The artist Mark Bradford in Venice earlier this month
Sunday, April 30, 2017
By Jori Finkel
LOS ANGELES — Mark Bradford, one of America’s most acclaimed painters, could not figure out what to put in the grand rotunda.
This
artist, who is set to represent his country in May at the 2017 Venice
Biennale, found an unusual way of working long-distance. In a warehouse
in South Los Angeles, not far from where he grew up, he created a
full-size model of the Biennale’s United States pavilion, a stately
building with echoes of Monticello. Then he spent the last year testing out his ideas in it.
“This
a Jeffersonian-type space, something you see in state capitols,” he
said, pointing to its central dome. “I wanted it to feel like a ruin,
like we went into a governmental building and started shaking the
rotunda and the plaster started falling off.

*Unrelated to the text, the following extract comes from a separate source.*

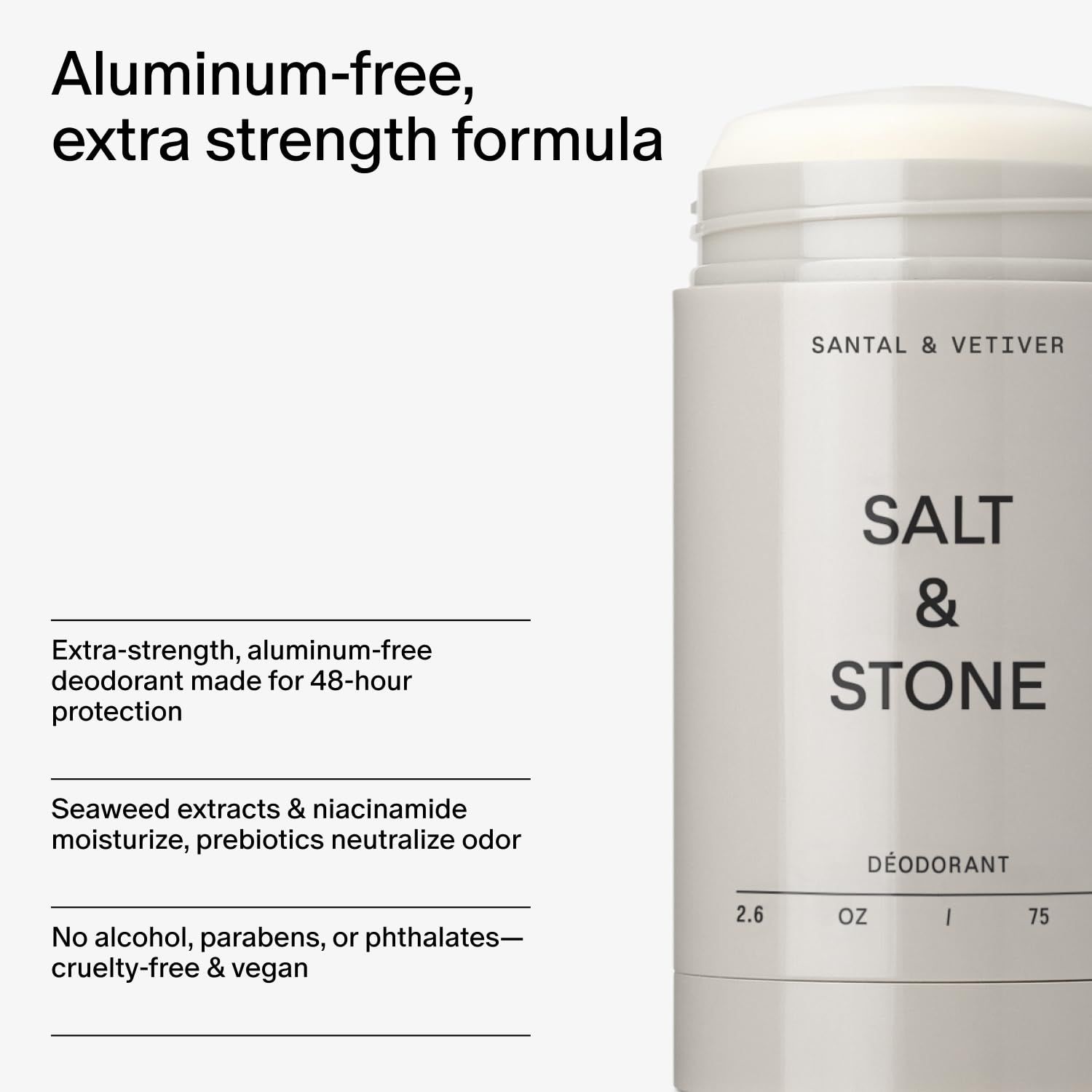 Communicates multiple distinct benefits of the deodorant in a segmented layout, highlighting the aluminum-free formula, long-lasting protection, moisturizing properties, and clean ingredient profile…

Our rage made the plaster
fall off the walls.”
With
a nod to its Palladian architecture, Mr. Bradford often calls his
pavilion the White House. As in: “I wanted to bring the White House to
me.”
Sitting on a crate, his long legs extended, Mr. Bradford, 55, was
confronting a pressing concern beyond exhibition plans: How can he
represent the United States abroad at a time when — as a black, gay man
and a self-proclaimed “liberal and progressive thinker” — he no longer
feels represented by his own government.
The broad social changes in America — from the police violence that
ignited the Black Lives Matter movement to the messages of hate that he
feels were unleashed by the November election — fueled a personal sense
of crisis that permeates much of his forthcoming show in Venice, “Tomorrow Is Another Day.”
He
remembered being invited to the Obama White House with other artists
two years ago and feeling that “our voices mattered — fast-forward, and
now they’re talking about cutting the N.E.A.,” he said, shaking his
head.
And,
aware of his own status as an international art star with
million-dollar sales, he expressed concern for those more vulnerable.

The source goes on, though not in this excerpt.